O Grupo de Assessoria Justiça Popular (GAJUP) é um grupo de extensão, vinculado ao Serviço de Assessoria Jurídica Universitária (SAJU) da Universidade Federal do Rio Grande do Sul. O GAJUP possui como temática de trabalho a educação e assessoria populares. Da experiência proporcionada por nossas atividades, tiramos o que queremos para a Universidade: baseada na ação-reflexão, uma instituição que s

e coloque ao lado do povo para construir dialogicamente e trabalhar conjuntamente em soluções para problemas que atentam contra a dignidade humana e o pleno desenvolvimento de nossas potencialidades. Pretendemos, com as ações de nosso grupo, contribuir para que isso de fato aconteça. Nossas reuniões acontecem todas as quartas-feiras, das 12h às 14h, na sede do SAJU. Qualquer pessoa é bem-vinda a conhecer o nosso trabalho e com ele contribuir de alguma forma.

07/03/2022

Às 18 horas, em Porto Alegre, estudantes indígenas dos povos Kaingang, Xokleng e Guarani retomam um prédio da Prefeitura de Porto Alegre, na entrada do Túnel da Conceição, em frente ao Campus Centro da Universidade Federal do Rio Grande do Sul. São cerca de 50 indígenas, mães que reivindicam a construção de uma Casa do Estudante Indígena, demanda antiga dos povos, que nunca foi atendida pela Universidade. Gah Té Iracema, kujà, pajé do povo Kaingang, que recentemente foi indicada pela universidade para o título de Dra. Honoris Causa, está junto retomando este território. Retomada, pois toda Porto Alegre é território ancestral indígena, guarani, kaingang, charrua. O imóvel abandonado há cinco anos, foi cedido para a UFRGS, mas no começo de fevereiro devolvido à Prefeitura.

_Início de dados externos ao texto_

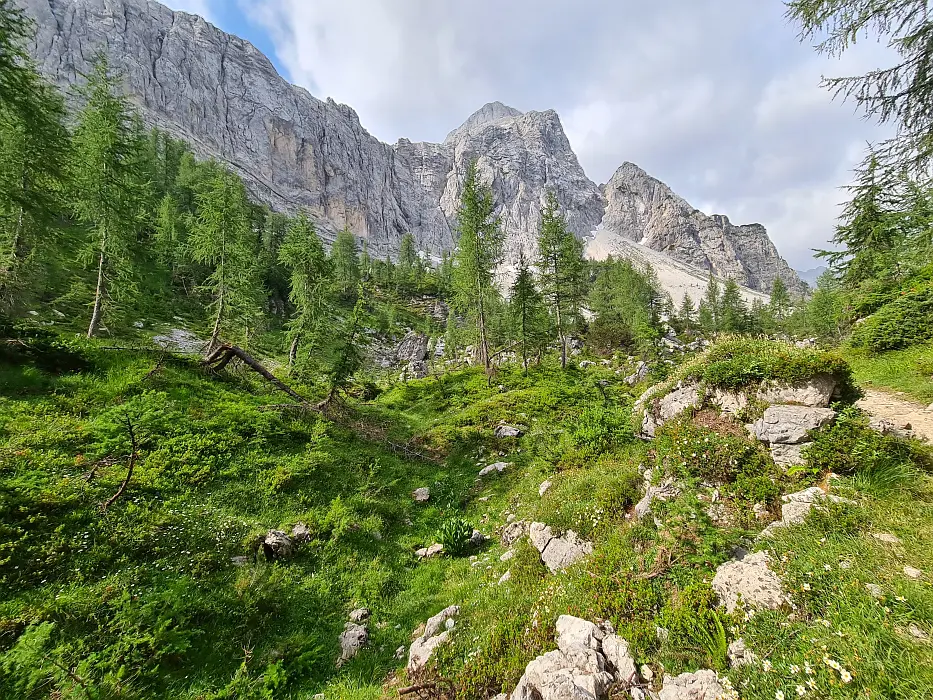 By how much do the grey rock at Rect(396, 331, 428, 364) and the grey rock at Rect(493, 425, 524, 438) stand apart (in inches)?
1625

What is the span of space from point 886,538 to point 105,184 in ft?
81.5

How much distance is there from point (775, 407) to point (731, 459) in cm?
147

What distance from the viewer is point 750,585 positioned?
4.03m

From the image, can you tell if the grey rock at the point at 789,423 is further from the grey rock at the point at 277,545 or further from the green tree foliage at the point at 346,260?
the green tree foliage at the point at 346,260

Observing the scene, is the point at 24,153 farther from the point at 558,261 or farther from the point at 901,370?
the point at 901,370

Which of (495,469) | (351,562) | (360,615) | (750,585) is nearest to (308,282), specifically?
(495,469)

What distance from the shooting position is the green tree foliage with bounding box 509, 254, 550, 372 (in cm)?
2788

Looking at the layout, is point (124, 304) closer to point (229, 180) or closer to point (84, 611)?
point (229, 180)

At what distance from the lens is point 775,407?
20.7 feet

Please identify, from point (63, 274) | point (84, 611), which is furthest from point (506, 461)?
point (63, 274)

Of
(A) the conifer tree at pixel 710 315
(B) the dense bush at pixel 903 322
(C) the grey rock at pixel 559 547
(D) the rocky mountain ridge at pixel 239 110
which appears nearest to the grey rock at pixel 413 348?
(D) the rocky mountain ridge at pixel 239 110

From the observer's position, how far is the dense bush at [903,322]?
1331 cm

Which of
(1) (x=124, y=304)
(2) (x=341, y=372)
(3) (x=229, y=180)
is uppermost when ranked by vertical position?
(3) (x=229, y=180)

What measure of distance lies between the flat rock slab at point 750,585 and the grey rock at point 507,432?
1064 cm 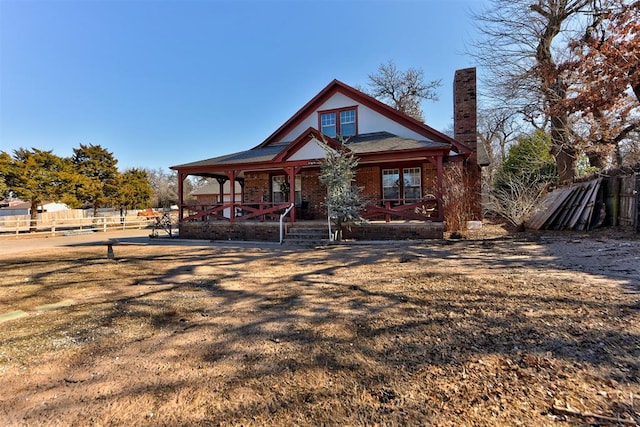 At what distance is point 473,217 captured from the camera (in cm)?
1390

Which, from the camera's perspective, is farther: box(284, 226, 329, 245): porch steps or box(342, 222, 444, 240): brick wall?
box(284, 226, 329, 245): porch steps

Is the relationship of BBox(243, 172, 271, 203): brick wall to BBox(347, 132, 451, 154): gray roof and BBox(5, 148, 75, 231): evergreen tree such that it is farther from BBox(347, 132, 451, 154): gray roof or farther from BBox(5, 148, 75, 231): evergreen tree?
BBox(5, 148, 75, 231): evergreen tree

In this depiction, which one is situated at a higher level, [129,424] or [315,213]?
[315,213]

A permanência das pessoas que ingressam na Universidade através de Ações Afirmativas, como as estudantes indígenas, é uma luta dura e importante. Não adianta só colocar as pessoas para dentro dos muros, das salas, é preciso dar condições para que elas sigam seus estudos e dentro da visão de mundo que acreditam e vivem. É preciso o básico, como moradia, alimentação, cuidado com os filhos, respeito à cultura. É luta de anos! Em carta de 2017 direcionada à Coordenadoria de Acompanhamento do Programa de Ações Afirmativas (CAF) da UFRGS, o coletivo de estudantes indígenas exigiu ações da universidade para que a cultura dos povos seja respeitada e valorizada, o que é fundamental para a permanência nos estudos, a não desistência, o não se "embraquecer". Entre os pontos sugeridos, no final da carta, o destaque para a importância de uma casa indígena.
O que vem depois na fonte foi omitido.